### Task to complete
Give back an exact copy of the listing that follows, without the pictures.

### Information shown
=== Begin Enclosure ===

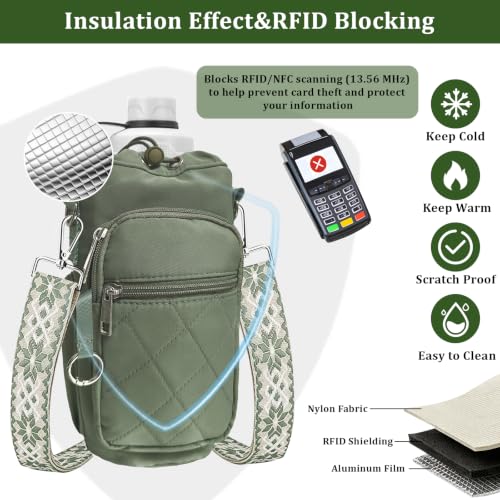 Water Bottle Bag Crossbody with Adjustable Strap, Insulated Water Bottle Sling Bag with Phone Pocket for Hiking - color: Green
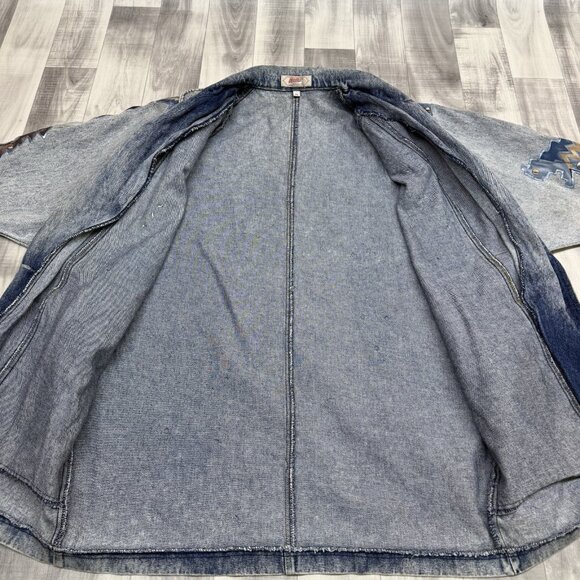 ✅VTG ApacheJean Jacket Womans M Acid Washed Puff Paint Shoulder Pads Retro Aztec - Picture 10 of 12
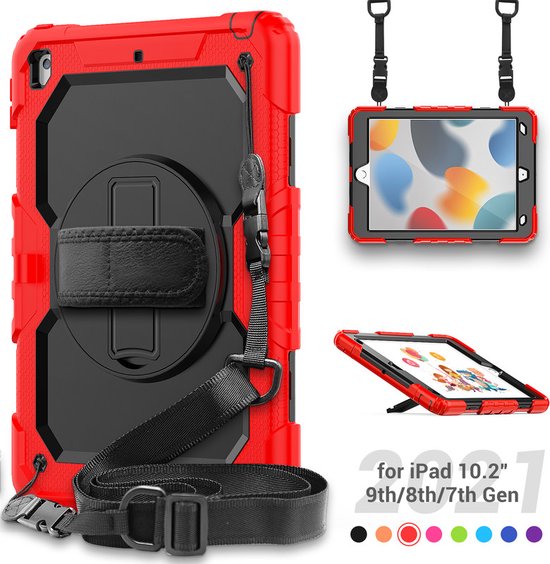 iPad 10.2 (2019/2020/2021) Hoesjes – Kinderhoes met Handvat – Standfunctie – Zwart-Tablethoesjes-Ilumina Benelux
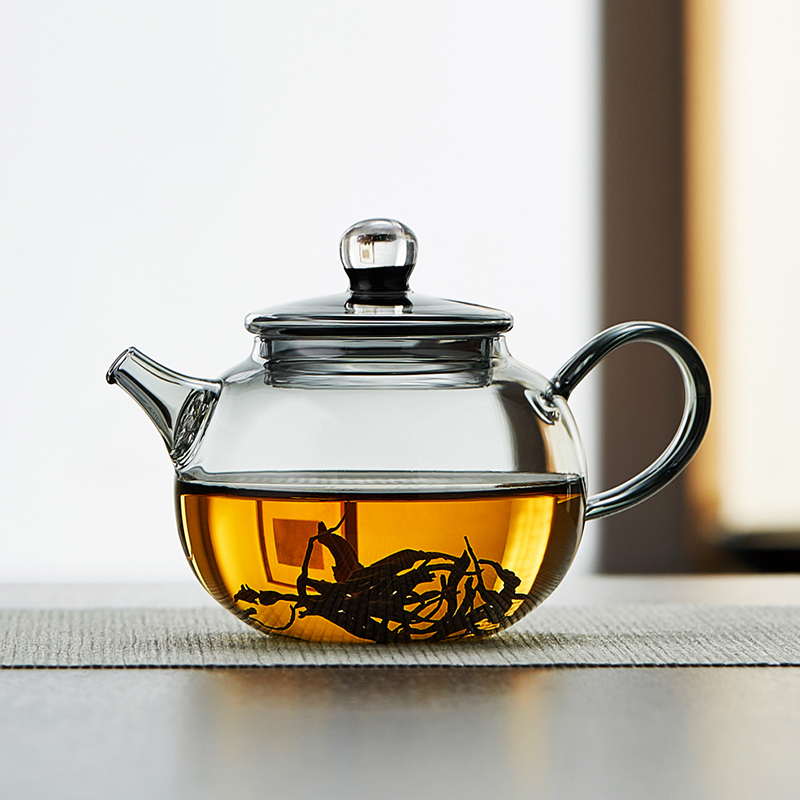绿昌明墨色玻璃小茶壶绿茶泡茶壶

=== End Enclosure ===

### Task solution
 Water Bottle Bag Crossbody with Adjustable Strap, Insulated Water Bottle Sling Bag with Phone Pocket for Hiking - color: Green
 ✅VTG ApacheJean Jacket Womans M Acid Washed Puff Paint Shoulder Pads Retro Aztec - Picture 10 of 12
 iPad 10.2 (2019/2020/2021) Hoesjes – Kinderhoes met Handvat – Standfunctie – Zwart-Tablethoesjes-Ilumina Benelux
绿昌明墨色玻璃小茶壶绿茶泡茶壶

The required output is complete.